### Work item
For the records below, please print exactly and only the lines from the one with "Водонепроницаемый чехол из" down to the one with "FoxOutdoor Round Scarf Merino Lite - Black", both ends included, omitting the pictures.

### Dataset records
◇ ◇ ◇ ◇ ◇ ◇ ◇
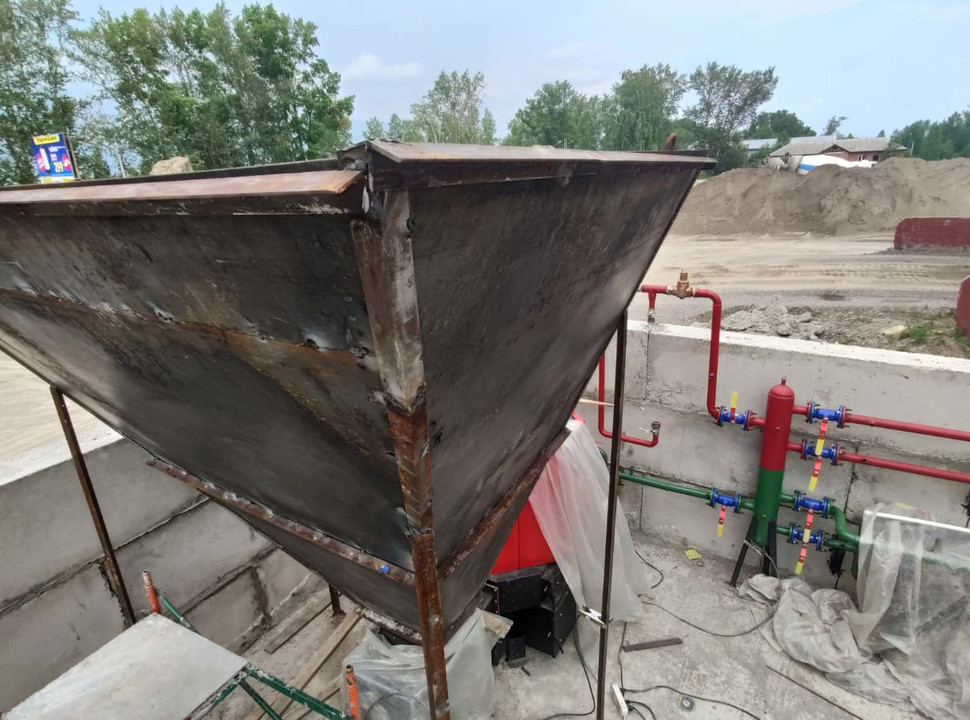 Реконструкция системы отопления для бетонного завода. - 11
◇ ◇ ◇ ◇ ◇ ◇ ◇
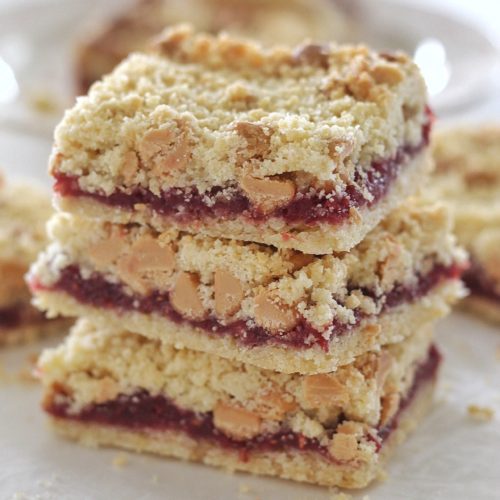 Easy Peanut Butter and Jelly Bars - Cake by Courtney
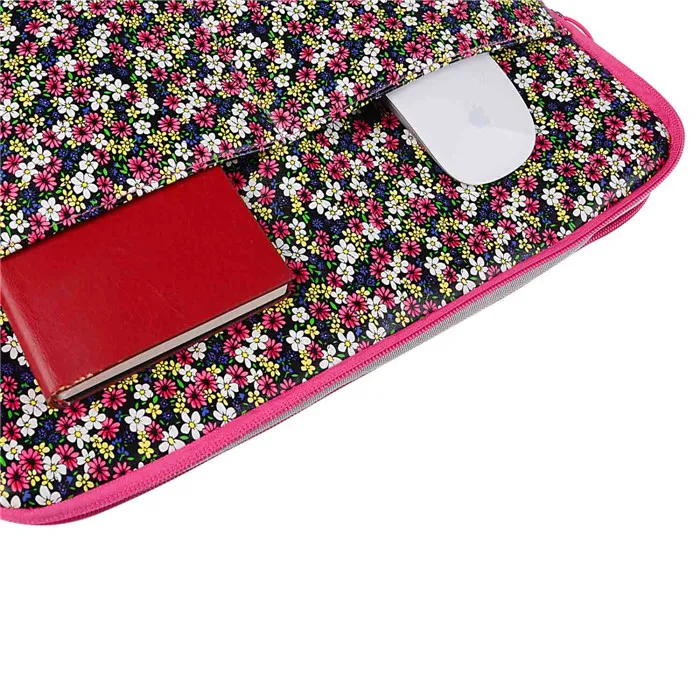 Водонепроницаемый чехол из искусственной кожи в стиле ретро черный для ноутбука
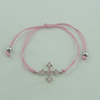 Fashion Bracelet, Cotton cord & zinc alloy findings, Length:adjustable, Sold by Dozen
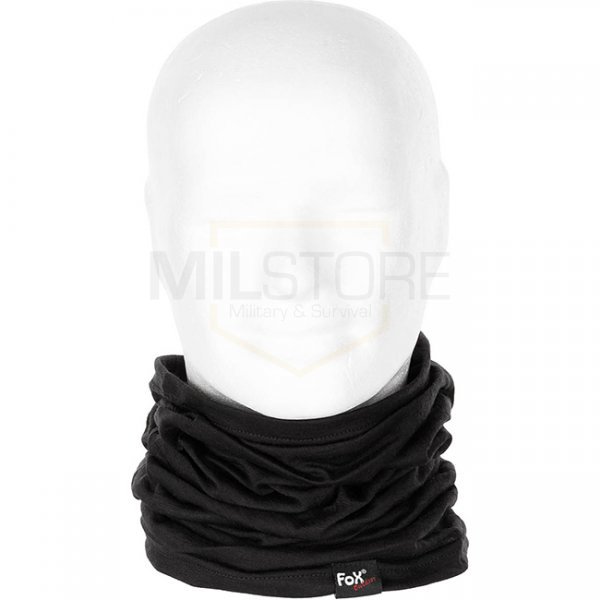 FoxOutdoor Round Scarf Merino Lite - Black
◇ ◇ ◇ ◇ ◇ ◇ ◇
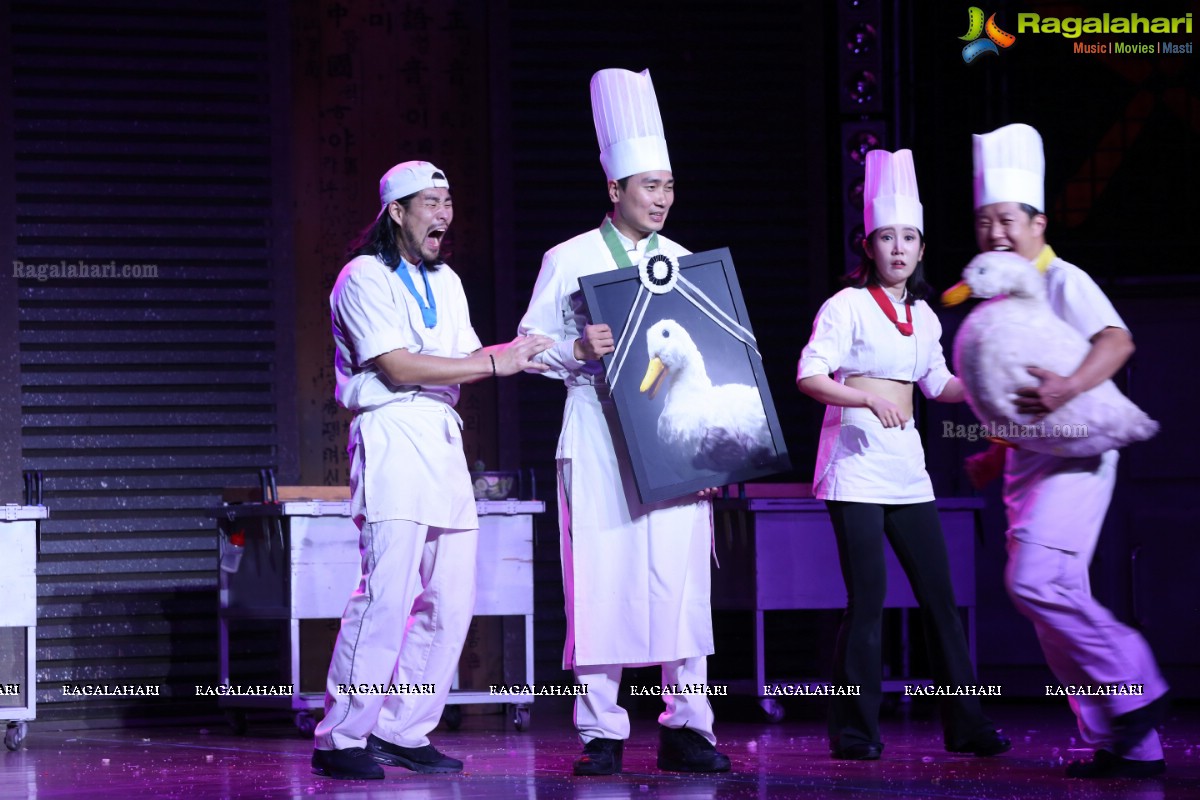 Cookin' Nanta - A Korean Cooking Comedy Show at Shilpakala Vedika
◇ ◇ ◇ ◇ ◇ ◇ ◇
### Completed task
 Водонепроницаемый чехол из искусственной кожи в стиле ретро черный для ноутбука
 Fashion Bracelet, Cotton cord & zinc alloy findings, Length:adjustable, Sold by Dozen
 FoxOutdoor Round Scarf Merino Lite - Black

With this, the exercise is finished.